Reactive vs Imperative Programming
Following are some characteristics of Reactive Apps
Responsive: Makes the UI thread is responsive so that the UX is improved and users don't get frustrated using it.
Resilient: Components are decoupled. they can fail and recover without affecting the other components
Elastic: If the size of the input increases, the app handles it gracefully
Message-driven: Async message passing system allows the components to stay decoupled and independent. Makes the app Elastic by monitoring the data load it helps resilience and responsiveness.
Functional: operate on data streams. Kotlin supports this
Declarative: opposite of imperative. Relies on the abstraction.
Tools
RxJava in a Kotlin env, RxAndroid
Kotlin — support functional programming, lambdas, first-class support for Android, removes boilerplate code
Improving the code with reactive programming
Handling user input to improve the usability
Chaining network calls without calling the second call in onPostExecute of an AsyncTask
Data caching — fetch data at regular intervals and display from the app’s memory. reduces the number of network calls. Rx Android makes this tedious task easier
And much more…
Making the apps reactive
Design Patterns:
It is important to consider various patterns available and use them according to the requirement. The idea behind most design patterns is the separation of concerns and modularity.
MVC:
Model View Controller, traditionally most common but has its issues
Model: responsible for representing the state of an application. Will consist of DBs, network APIs.
View: XML layout
Controller: Responsible for user interaction and displaying of our views.

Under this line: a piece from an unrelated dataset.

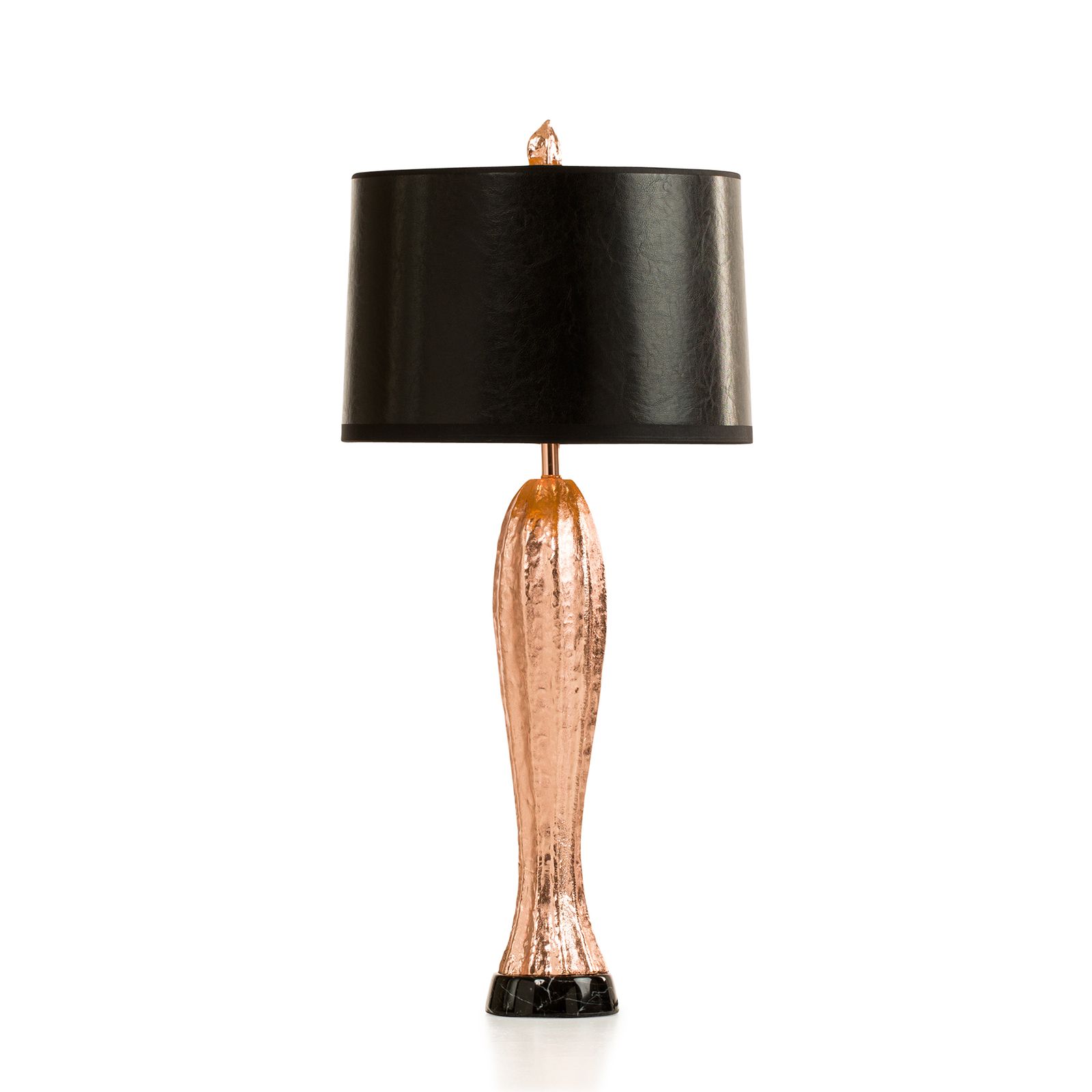 Melting Paris - PA 847-Melting Paris table lamp by Pieter Adam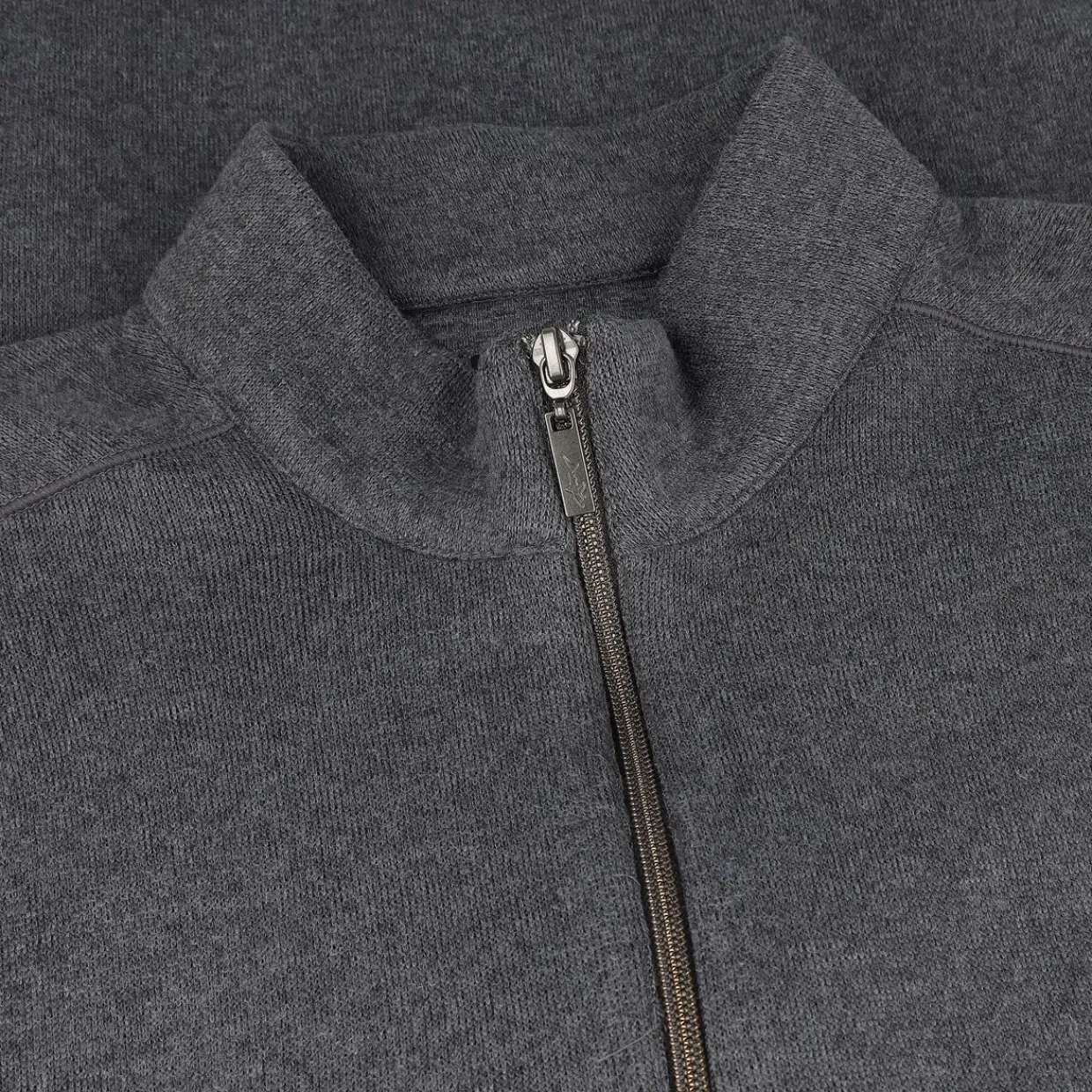 Greg Norman Outerwear^Hideaway Outerwear 1/4 Zip Gof Appare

But here the XML layout and the Activity/Fragments are tightly coupled (View and Controller). All the code gets bloated in Activity/Fragments.
Model is the only thing that can be unit tested. Instrumentation tests for other components, which can be tricky.
Also with MVC we need to manually preserve the state with onSaveInstanceState() or onRestoreInstanceState().
MVP
View — XML, activity, interface (view and layout are naturally coupled)
Presenter — business logic, state of the app. Nice contract between what we show and the logic which tells what to show. But can get bloated.
Model and Presenter can be unit tested but instrumentation tests for View — mocking need to occur.
MVVM
Model: Keeps the state and data of the overall system
ViewModel: Provides state and data for the particular instance. Says the view what it should display
MVVM gives all benefits of MVP plus Easy state persistence, less boilerplate code due to no interfaces and easier testing due to better separation of concerns and its reactive. Therefore MVVM is preferred.
Android architecture components
LiveData: is an observable data holder class. life cycle aware — respects the lifecycle of other components. It will only send updates to observers that are active. It helps decouple business logic. Can keep them in the view model and update the view when the state changes and makes the app reactive
ViewModel: A class that prepares the data in a life cycle conscious way. Totally isolated from activity/fragments so it can be easily tested.
Room: This persistence library is an abstraction layer over the built-in SQLite database. Integrates with RxJava. Easy to set up
DataBinding: More declarative layouts for views. You can access a ViewModel inside an XML layout and the UI elements can react directly to the state of the ViewModel. Two way binding is even possible. This reduces boilerplate code. but can be confusing and tempting to have logic on XML which can be wrong and makes testing impossible.